By joining together, we know we can reach our goals sooner!

How your fundraising helps

We’re asking every adult walker to raise £100, or more if you can! Here are just some of the ways your money can make an impact for people affected by brain tumours:
  • £100 could pay for a test to understand the genetic changes linked to brain tumour development, to help identify personalised treatments.
  • £150 could ensure 150 families receive a HeadSmart card, making them aware of the symptoms of brain tumours in children and teenagers.
  • £250 could cover the cost of giving 10 children and their families the immediate support and information they need after the devastation of a diagnosis.
  • £500 could cover two days of research for one of our leading brain tumour researchers, to better understand brain tumours and provide more targeted treatments.

Dr Lucy Stead

Lucy Stead is one of our funded researchers at the University of Leeds. She held a walk for The Twilight Walk in 2018.

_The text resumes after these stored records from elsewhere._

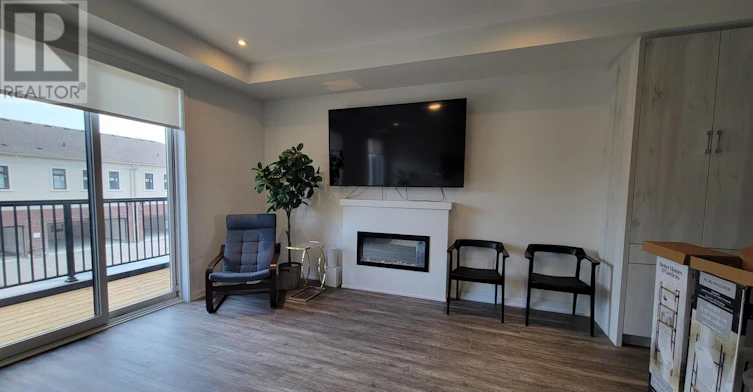 14 Big Willow Crescent, Richmond Hill, ON, L4E 1P5 - 2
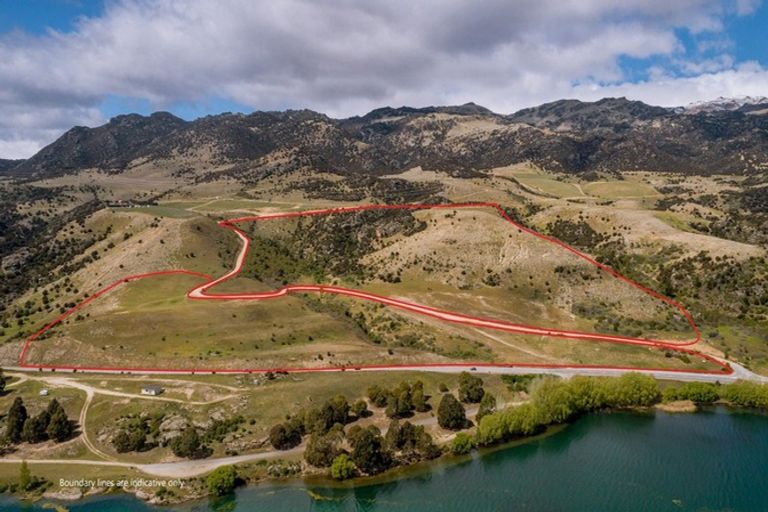 Photo of property in 38 Lakefront Terrace, Northburn, Cromwell, 9383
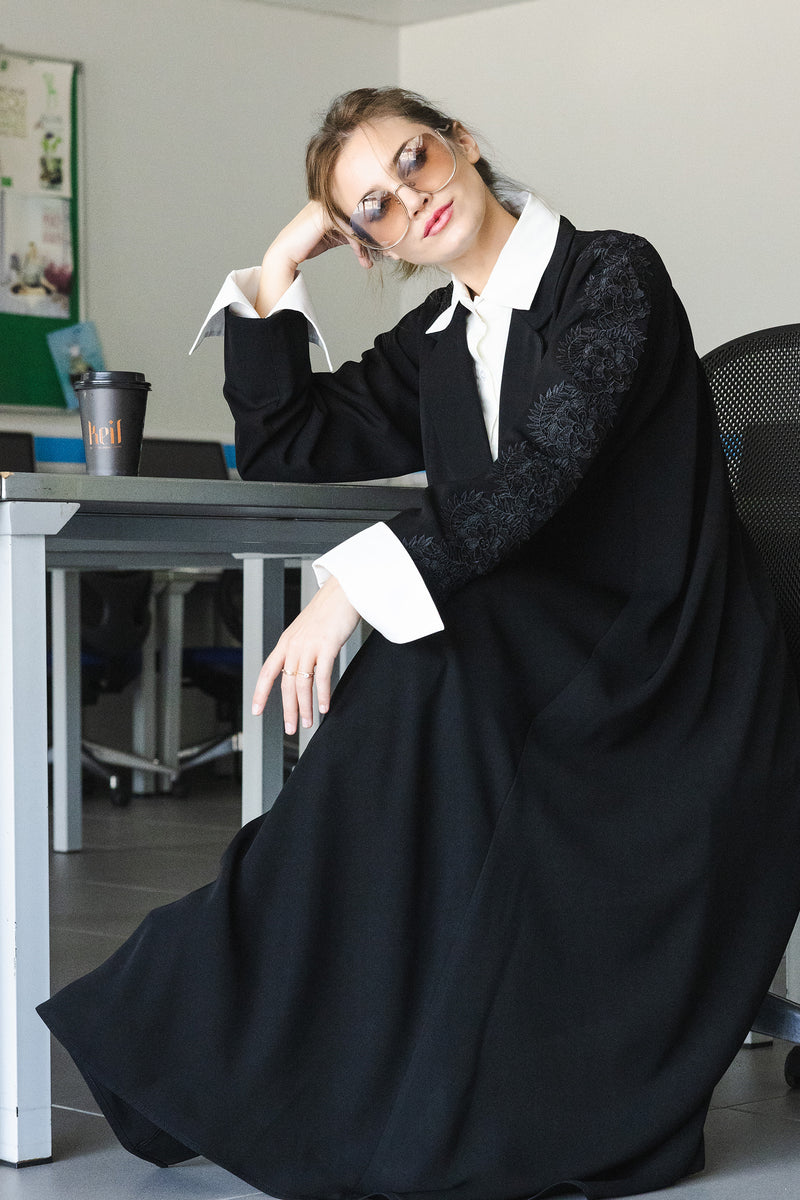 BLACK EMBROIDED DENTELLE YASAMIN CLOSE ABAYA.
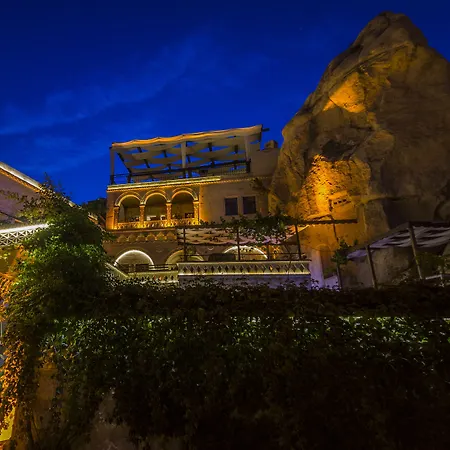 Roma Cave 4*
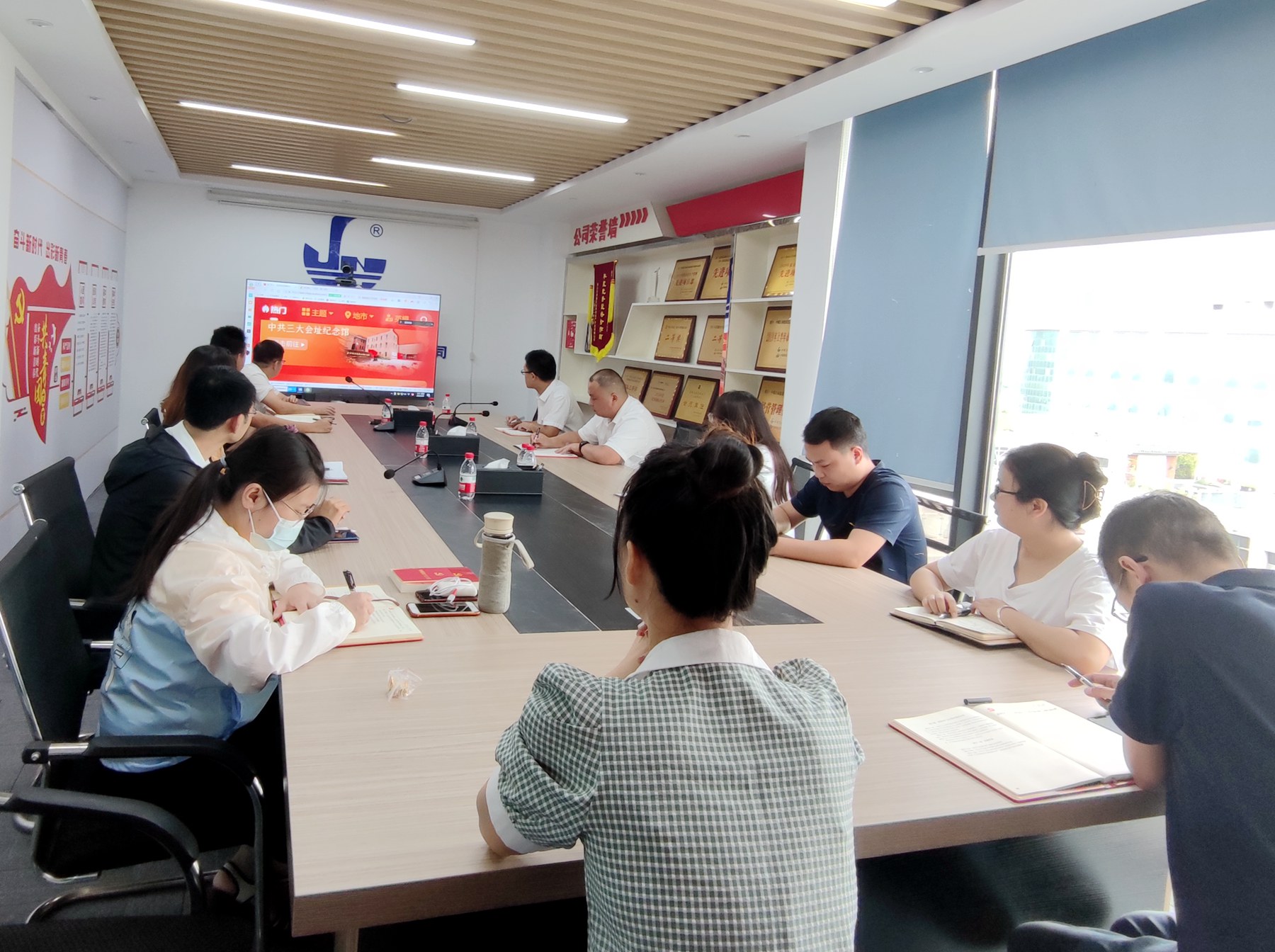 珠海分公司黨支部開展參觀網(wǎng)上紅色展館主題黨日活動2.jpg 珠海分公司黨支部開展參觀網(wǎng)上紅色展館主題黨日活動2.jpg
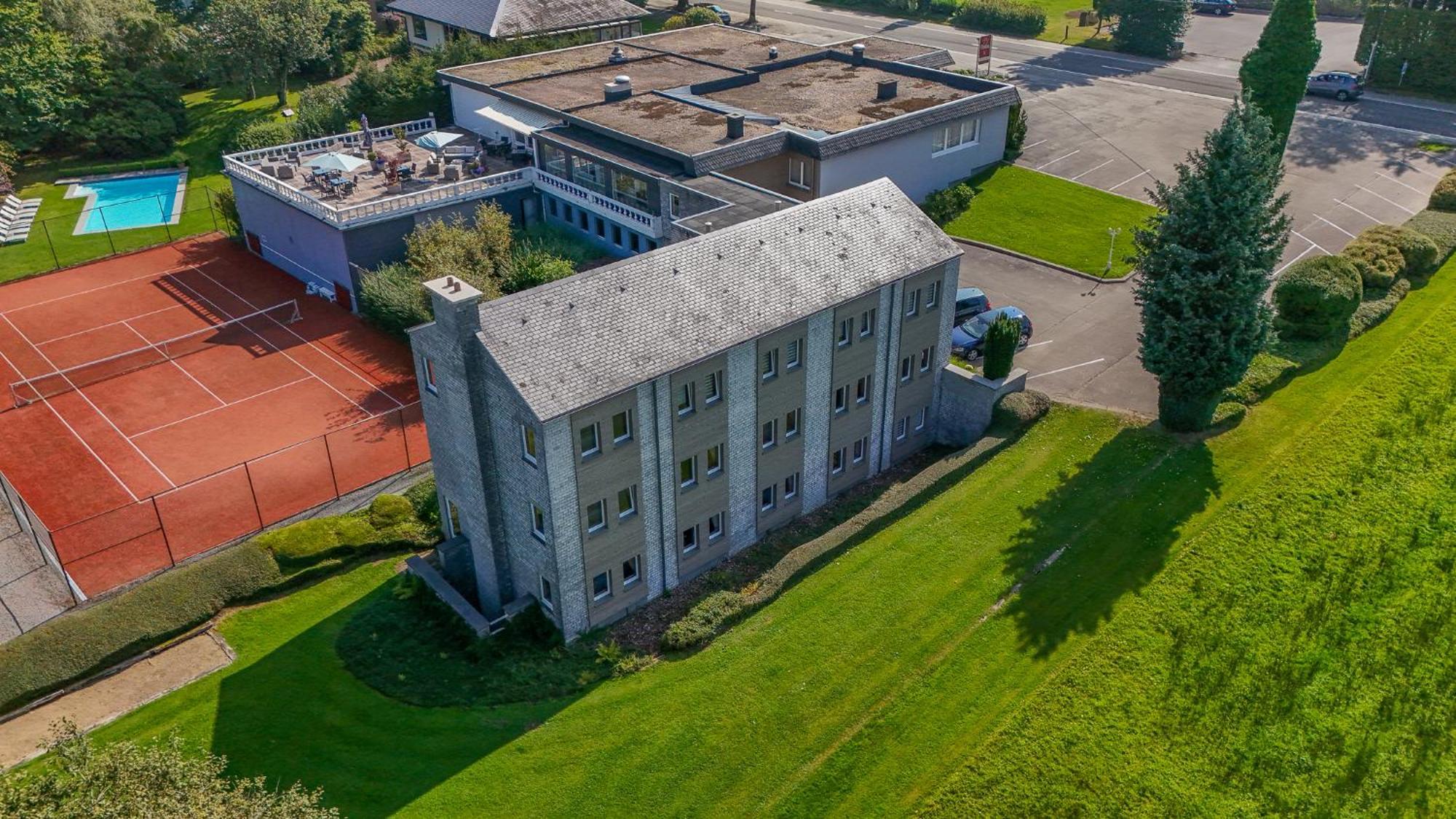Hotel Hotleu 3*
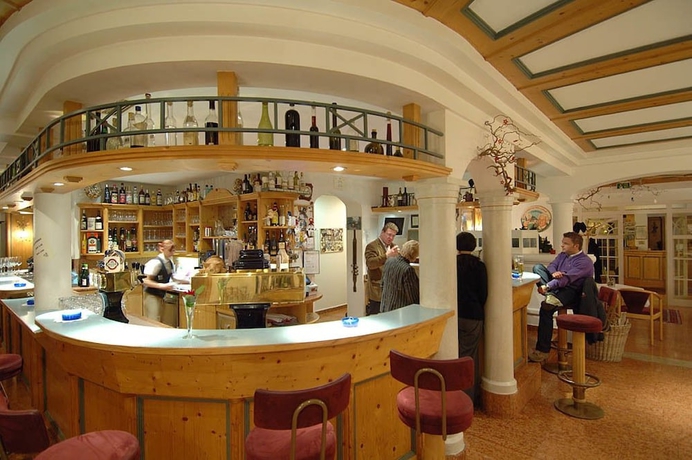 Imagen del bar/restaurante del Hotel Badhaus. Foto 5
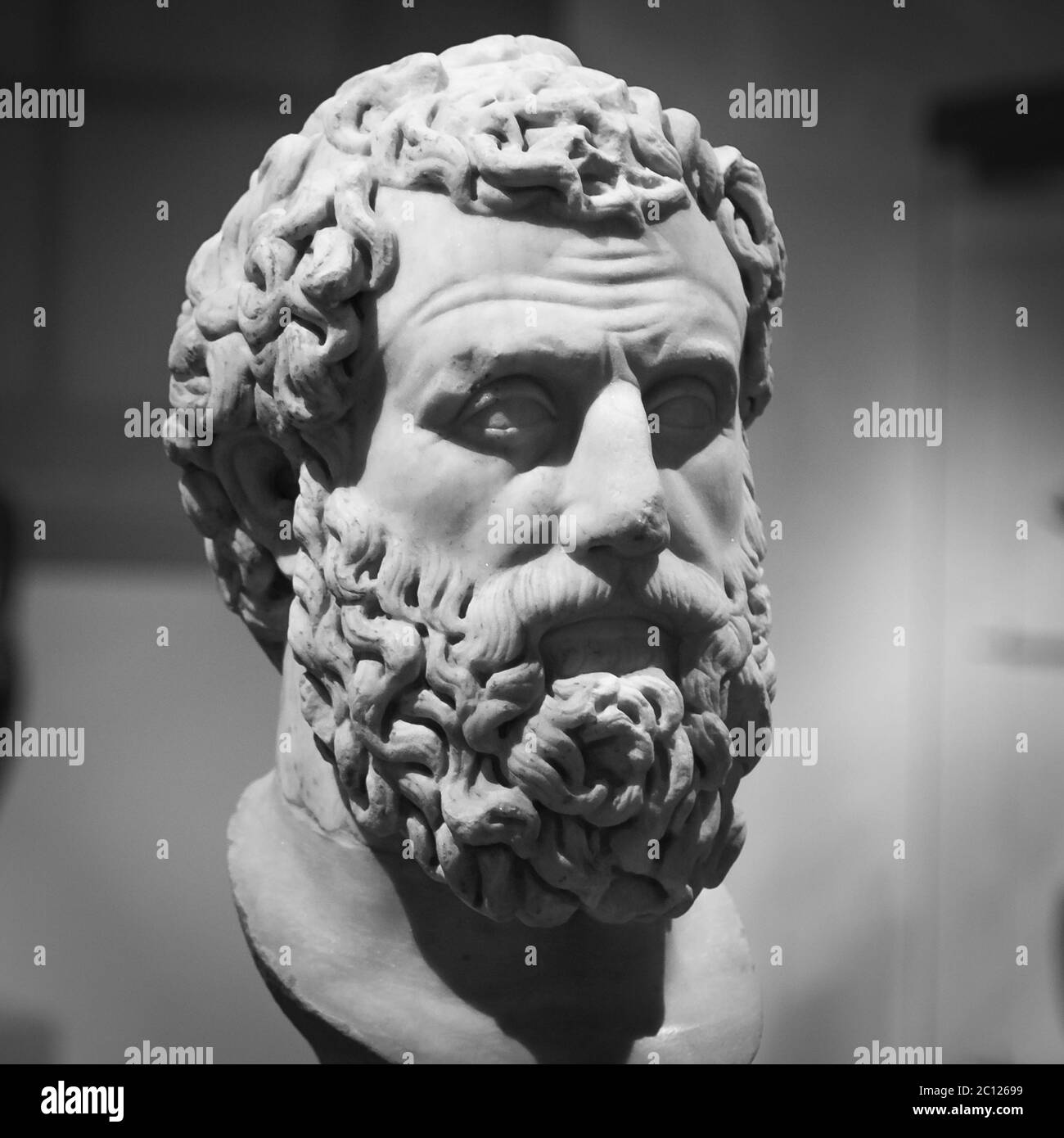 Head and shoulders detail of the ancient sculpture Stock Photo Alamy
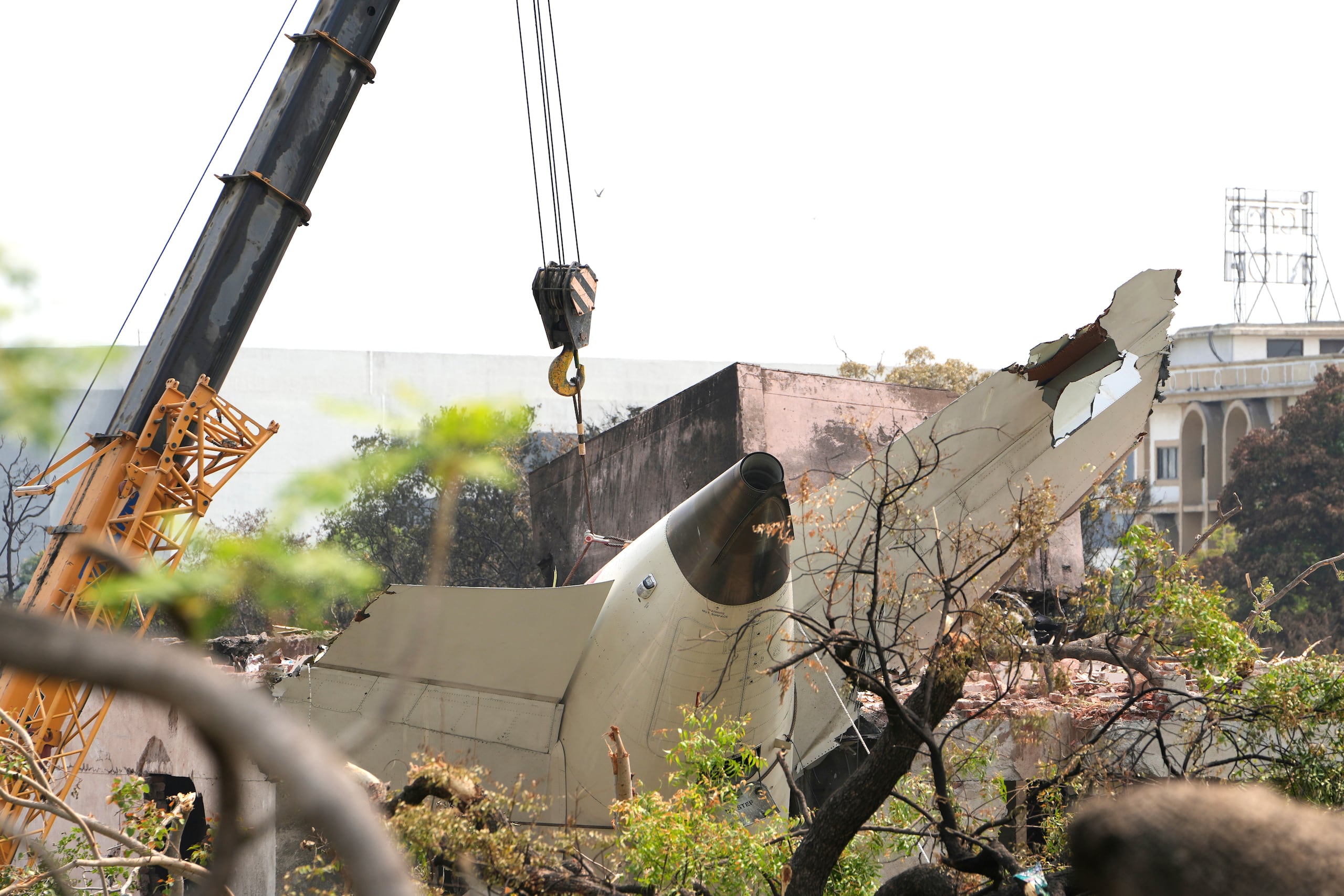 El avión se estrelló en Ahmedabad. (AP Photo/Ajit Solanki)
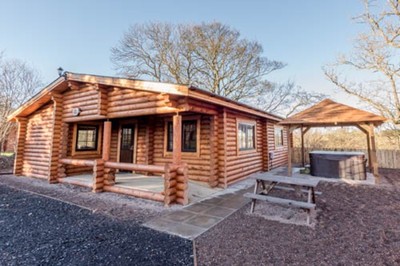 Accessible disabled access luxury log cabin with hot tub in Northumberland, UK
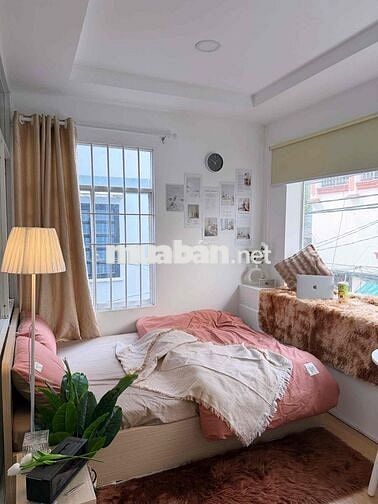 1 PHÒNG NGỦ - CỬA SỔ TRỜI- FULL NỘI THẤT NGAY VÒNG XOAY DÂN CHỦ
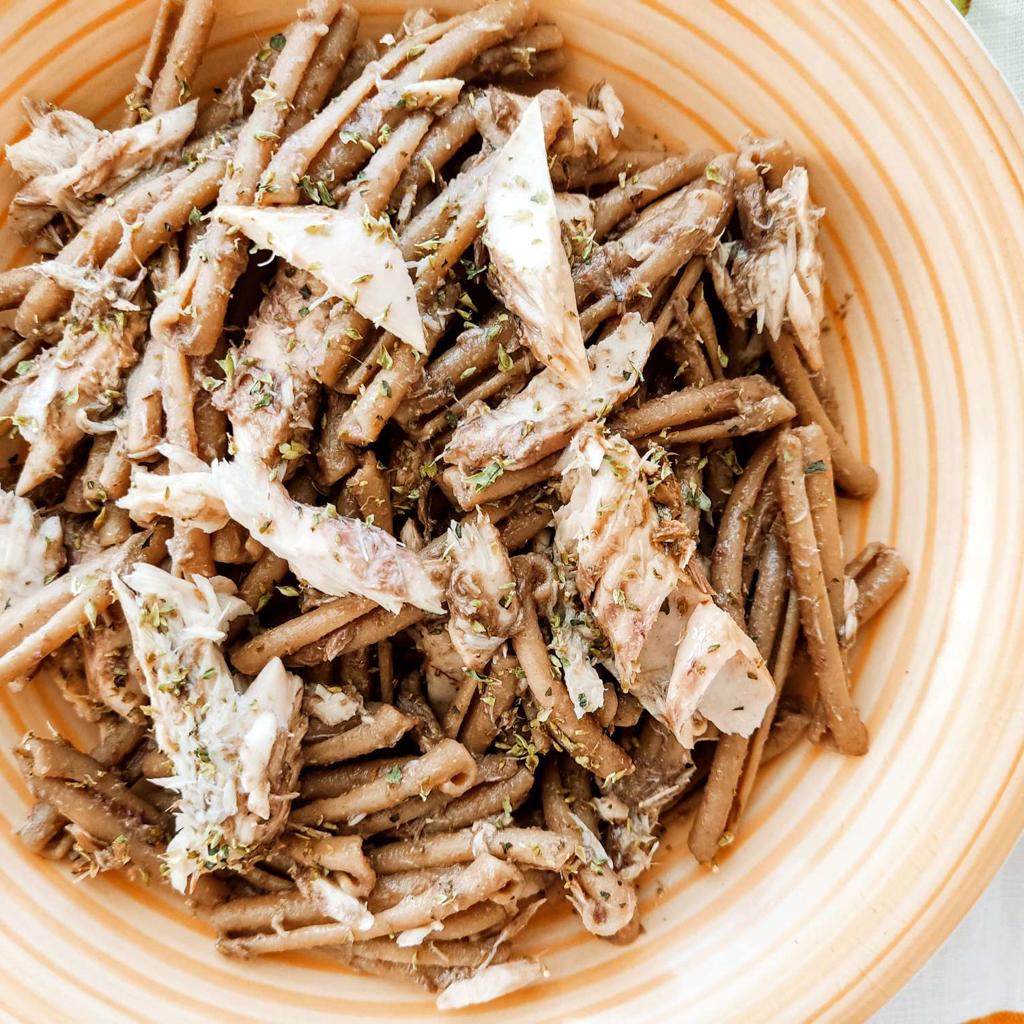 Pasta with Olive Paté and Mackerel Fillets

Lucy said, “I really wanted to give something back to The Brain Tumour Charity and support the fantastic work they do by helping to raise much-needed funding for research.

“Every day as scientists we see advances in technology and the development of new knowledge that opens new avenues of research into brain tumour biology. With the help of The Brain Tumour Charity, we will continue to explore those avenues, until one of them creates a step-change and then a gear-change and then a life-changing development that increases the quality and quantity of life for people with brain tumours.

“Science costs money, but brain tumours cost lives, and until that stops being the case we’ll put every penny to good use to keep learning and discovering and developing new ways forwards.”